Work item — Scan the material and copy every line in which "image" appears.

Data extract —
______

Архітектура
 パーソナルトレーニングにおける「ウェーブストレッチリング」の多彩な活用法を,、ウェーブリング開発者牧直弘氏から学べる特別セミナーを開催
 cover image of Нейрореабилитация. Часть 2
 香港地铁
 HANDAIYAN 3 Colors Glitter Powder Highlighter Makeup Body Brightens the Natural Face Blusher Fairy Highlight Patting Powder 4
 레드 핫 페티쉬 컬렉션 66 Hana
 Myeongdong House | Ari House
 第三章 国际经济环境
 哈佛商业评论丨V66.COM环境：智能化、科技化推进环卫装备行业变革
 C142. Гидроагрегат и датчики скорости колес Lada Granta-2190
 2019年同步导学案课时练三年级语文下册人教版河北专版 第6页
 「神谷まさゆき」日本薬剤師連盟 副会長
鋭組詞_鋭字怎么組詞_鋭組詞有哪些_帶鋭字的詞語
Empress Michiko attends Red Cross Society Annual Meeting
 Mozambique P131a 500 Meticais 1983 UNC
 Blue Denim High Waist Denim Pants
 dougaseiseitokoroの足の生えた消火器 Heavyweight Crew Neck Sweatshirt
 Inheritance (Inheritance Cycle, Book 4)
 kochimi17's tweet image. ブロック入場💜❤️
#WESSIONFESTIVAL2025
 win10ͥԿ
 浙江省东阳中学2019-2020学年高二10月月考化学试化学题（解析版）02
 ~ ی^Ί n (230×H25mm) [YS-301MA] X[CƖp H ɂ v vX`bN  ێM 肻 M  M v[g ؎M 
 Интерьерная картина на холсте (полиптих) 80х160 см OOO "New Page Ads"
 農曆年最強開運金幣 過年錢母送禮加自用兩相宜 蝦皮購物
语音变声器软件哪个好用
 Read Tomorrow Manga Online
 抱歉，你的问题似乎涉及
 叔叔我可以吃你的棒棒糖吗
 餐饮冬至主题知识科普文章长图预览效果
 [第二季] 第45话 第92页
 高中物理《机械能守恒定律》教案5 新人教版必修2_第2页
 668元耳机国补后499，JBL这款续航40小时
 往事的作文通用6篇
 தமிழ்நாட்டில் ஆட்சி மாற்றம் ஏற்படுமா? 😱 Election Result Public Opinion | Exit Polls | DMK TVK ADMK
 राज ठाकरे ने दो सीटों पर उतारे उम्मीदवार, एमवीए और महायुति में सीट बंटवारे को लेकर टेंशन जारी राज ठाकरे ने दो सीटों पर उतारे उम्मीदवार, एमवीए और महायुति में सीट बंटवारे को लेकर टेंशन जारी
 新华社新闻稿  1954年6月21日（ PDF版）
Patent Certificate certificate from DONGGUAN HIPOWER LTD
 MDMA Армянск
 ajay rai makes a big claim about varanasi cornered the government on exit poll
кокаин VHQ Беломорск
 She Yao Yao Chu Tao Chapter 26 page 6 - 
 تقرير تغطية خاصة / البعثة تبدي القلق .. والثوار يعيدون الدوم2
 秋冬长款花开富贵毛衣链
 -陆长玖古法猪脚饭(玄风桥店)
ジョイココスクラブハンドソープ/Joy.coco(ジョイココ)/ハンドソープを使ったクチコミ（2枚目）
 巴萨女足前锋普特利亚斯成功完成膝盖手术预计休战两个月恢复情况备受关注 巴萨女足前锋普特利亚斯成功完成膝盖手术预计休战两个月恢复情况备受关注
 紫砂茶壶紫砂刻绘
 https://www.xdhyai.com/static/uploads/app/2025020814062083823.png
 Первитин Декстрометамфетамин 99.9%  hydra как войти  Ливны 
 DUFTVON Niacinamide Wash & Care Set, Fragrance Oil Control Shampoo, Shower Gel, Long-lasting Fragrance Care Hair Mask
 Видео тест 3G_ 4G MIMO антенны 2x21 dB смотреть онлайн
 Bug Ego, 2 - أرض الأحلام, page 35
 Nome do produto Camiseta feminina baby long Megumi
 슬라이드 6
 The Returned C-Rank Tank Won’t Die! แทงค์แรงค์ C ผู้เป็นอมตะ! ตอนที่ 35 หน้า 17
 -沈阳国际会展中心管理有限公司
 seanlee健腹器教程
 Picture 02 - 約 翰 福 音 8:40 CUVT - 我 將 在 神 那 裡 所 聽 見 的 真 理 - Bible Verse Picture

______

Expected output —
 cover image of Нейрореабилитация. Часть 2
 kochimi17's tweet image. ブロック入場💜❤️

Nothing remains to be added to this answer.